Williams is the overwhelming favorite in her final against Kerber, and not just based on recent form. She continued her perfect streak in Australian Open semifinals, and she has won all six finals she’s contested at Melbourne Park. Now she’s looking for seven wins in seven finals on the same court.
“I definitely block it out,” Williams replied to a question about equaling Graf’s mark. “I was one off last year, too! If I don’t win on Saturday, I’ll still be one off.”
Despite all her success, it is a loss that is inspiring Williams in this tournament. She was two matches away from a calendar-year Grand Slam in 2015 when she lost to Roberta Vinci in the U.S. Open semifinals.
“Physically I’m feeling a lot better, mentally I needed that break after the Open,” she said, but “I didn’t think I would do this well this fast.”
Kerber ended Sydney-born British player Johanna Konta’s surprising run with a 7-5, 6-2 semifinal win to reach her first Grand Slam final. Konta was the first British woman since 1983 to reach a major semifinal.
Williams’ win over fourth-seeded Radwanska provided yet another reminder of her dominance in the women’s game. She has won 39 of her last 40 Grand Slam matches across six major tournaments.
Williams hasn’t played a left-hander so far this tournament and said that, combined with Kerber’s quarterfinal win over two-time champion Victoria Azarenka, were making her wary.

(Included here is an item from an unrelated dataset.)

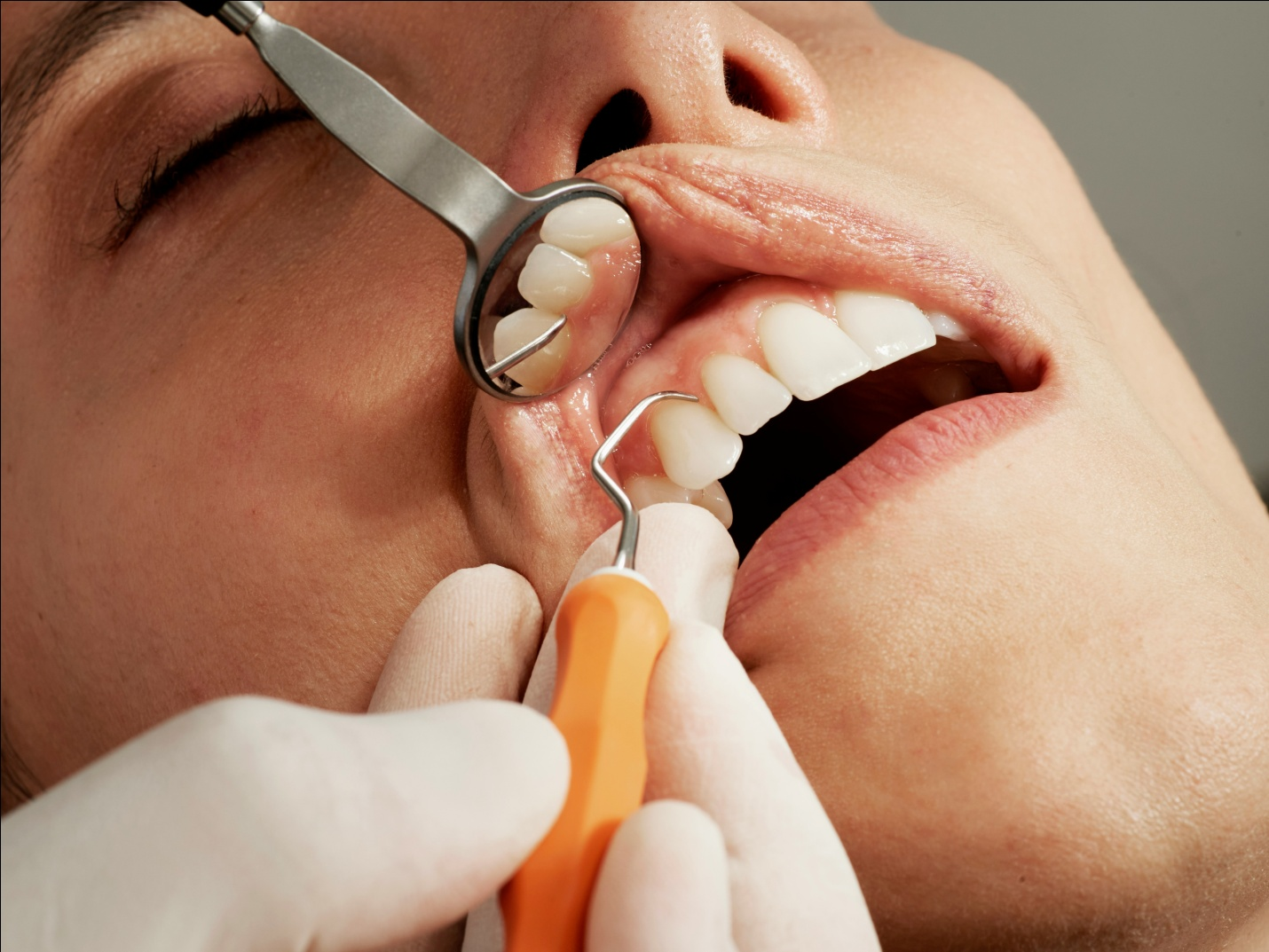 close up of a mouth being inspected using dental tools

“She took out a really tough opponent in Victoria. You can’t underestimate Kerber,” Williams said. “She’s beaten me before, too, and pretty good. I know that she brings a lot to the game.”
Williams remained unbeaten in nine matches against Radwanska, whom she beat in the 2012 Wimbledon final.
“She started unbelievable, with such a power and speed,” Radwanska said. “I was just standing there kind of watching her playing.”